↓

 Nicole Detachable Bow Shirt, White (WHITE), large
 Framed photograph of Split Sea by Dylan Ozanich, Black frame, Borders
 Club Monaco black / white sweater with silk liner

↑
↓

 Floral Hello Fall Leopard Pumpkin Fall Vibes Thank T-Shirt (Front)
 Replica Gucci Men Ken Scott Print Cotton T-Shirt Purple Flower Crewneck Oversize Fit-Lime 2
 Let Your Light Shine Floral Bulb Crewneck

↑

▶ Activity: Within the data above, the span starting at the line containing "Replica Gucci Men" and ending at the line containing "Let Your Light Shine Floral Bulb Crewneck" is to be retyped exactly, with no other lines.

▶ Written solution:
 Replica Gucci Men Ken Scott Print Cotton T-Shirt Purple Flower Crewneck Oversize Fit-Lime 2
 Let Your Light Shine Floral Bulb Crewneck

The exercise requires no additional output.